Building tools that make developers awesome.

Grafico: Javascript charting library

Design, Javascript, 8 February 2010, 2 minute read

Grafico is a javascript charting library built with Raphaël and Prototype.js. The library provides a wide array of graphs and stays with the guidelines laid out by Stephen Few and Edward Tufte. Grafico provides pretty charts that effectively communicate their information.


This means you get awesome graphs such as stacked area charts and sparklines, but no pie charts or bar charts with every bar a different color. There are a lot of bad charts out there, and Grafico will do it’s best to prevent you from adding charts onto that pile. ;)

Website, Documentation (might be slow on some browsers due to all the examples)

Available graphs:

Grafico requires Raphaël 1.0+ and Prototype.js 1.6+

Each graph type has numerous API options to customize it’s look and behavior. Many examples of this can be found in the documentation. Some highlights: pop-up hovers, meanlines and watermarks.
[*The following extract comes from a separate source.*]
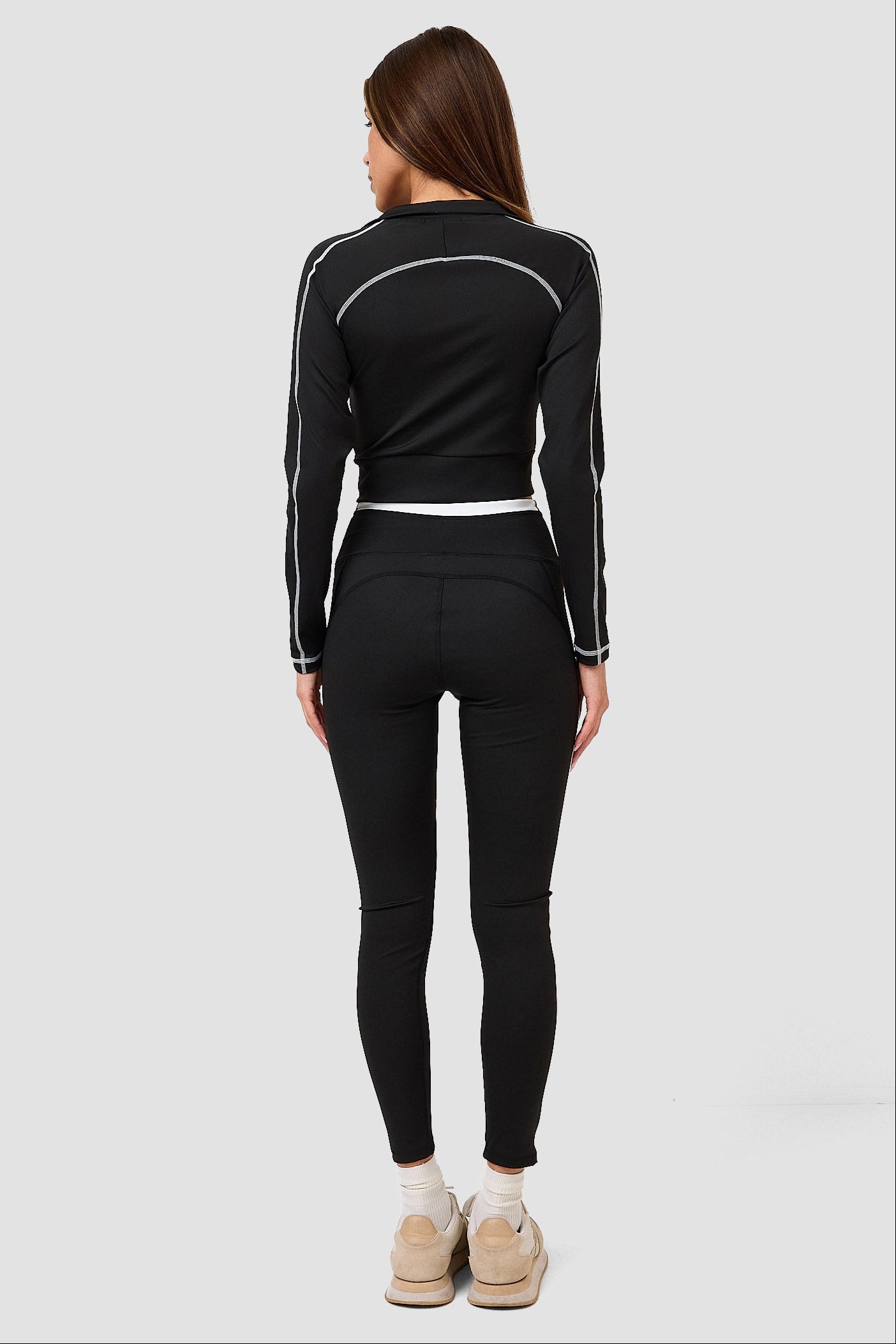 #colore_nero profondo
Minified, Grafico is about 30kb and available under the MIT license.

Grafico is also available on Github and includes a minification script made by Menno using the Google Closure Compiler.


In april 2009 I started working on new visualizations for Wakoopa. I had set it my target to provide unique and interesting graphs. One thing that particularly inspired me was the stream graph, but the math behind it scared the crap out of me. I decided to focus on stacked area graphs instead.

After doing extensive research on the available JavaScript charting libraries, and being slightly disappointed by most, Ico by Alex Young was the most promising. In the (almost ) year I worked on it, the graphs, code and API changed considerably. To avoid confusion I decided to rename my version to Grafico.


As always, there are points of improvement. The major one is speed. Grafico is very speedy on modern browsers, but of course IE lags behind. When building graphs, drawing pop-up hovers for all data points takes too much time and I have yet to find a way to improve this. The project lives on Github, so if you have improvements, fork away and I’ll gladly pull them!

Update! (16 Feb 2010)

Jan Paul Posma wrote the code to implement the aforementioned stream graphs into Grafico. Which is awesome. I have updated the links in this article accordingly.